> [Requirement]
For the material below, the expected output is exactly the lines between the line holding "Президент Узбекистана поблагодарил" and the line holding "Square Abstract Purple", inclusive, with pictures left out.

> [Supplied material]
****************************************
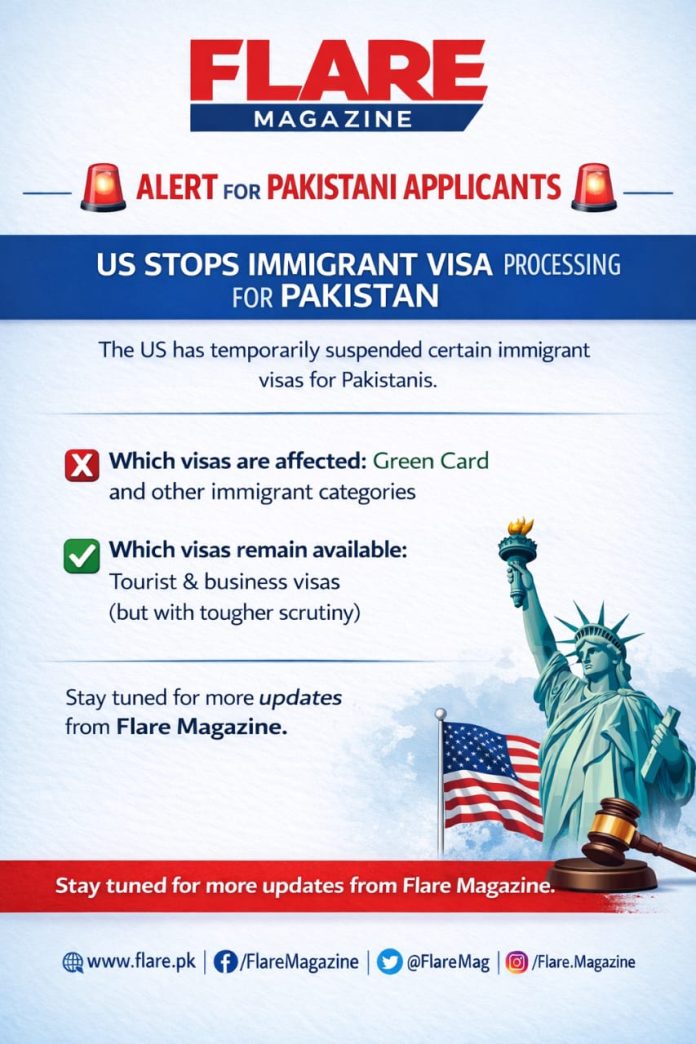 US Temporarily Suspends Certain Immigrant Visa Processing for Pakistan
****************************************
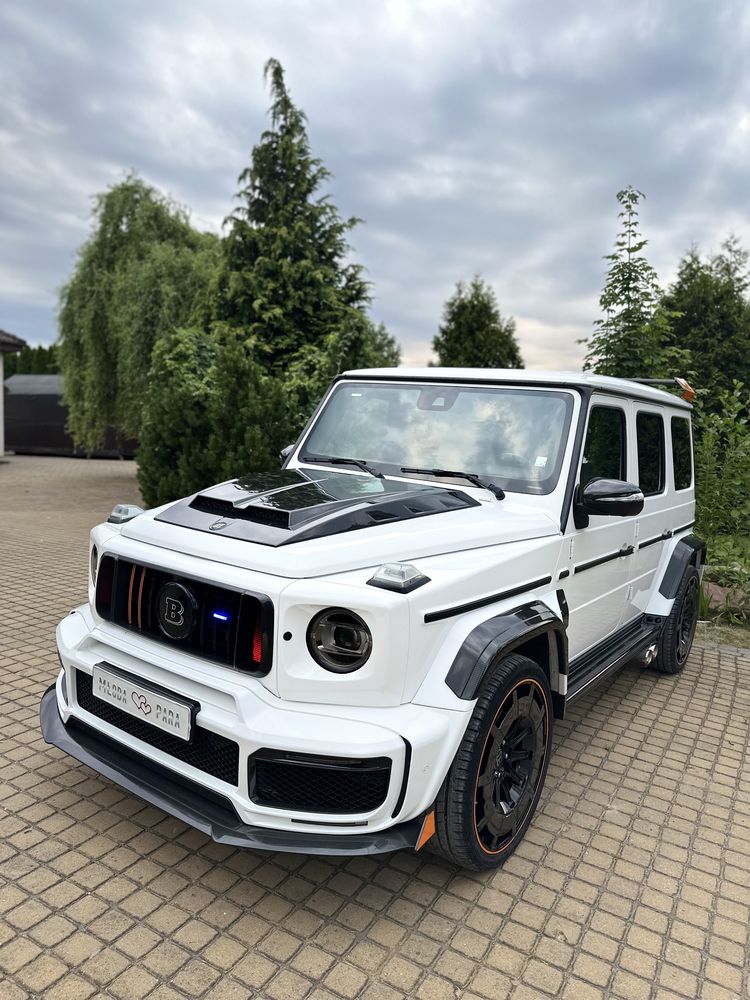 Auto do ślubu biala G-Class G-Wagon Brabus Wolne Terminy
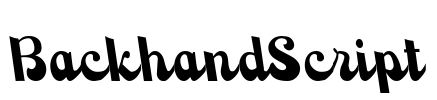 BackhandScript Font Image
****************************************
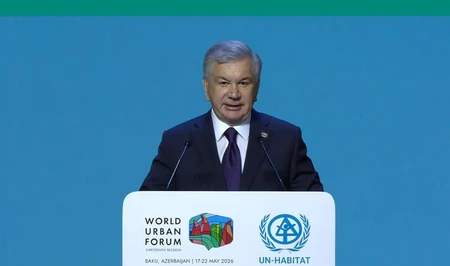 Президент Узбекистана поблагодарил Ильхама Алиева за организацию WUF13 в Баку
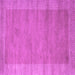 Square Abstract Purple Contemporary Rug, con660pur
****************************************
> [Your solution]
 Президент Узбекистана поблагодарил Ильхама Алиева за организацию WUF13 в Баку
 Square Abstract Purple Contemporary Rug, con660pur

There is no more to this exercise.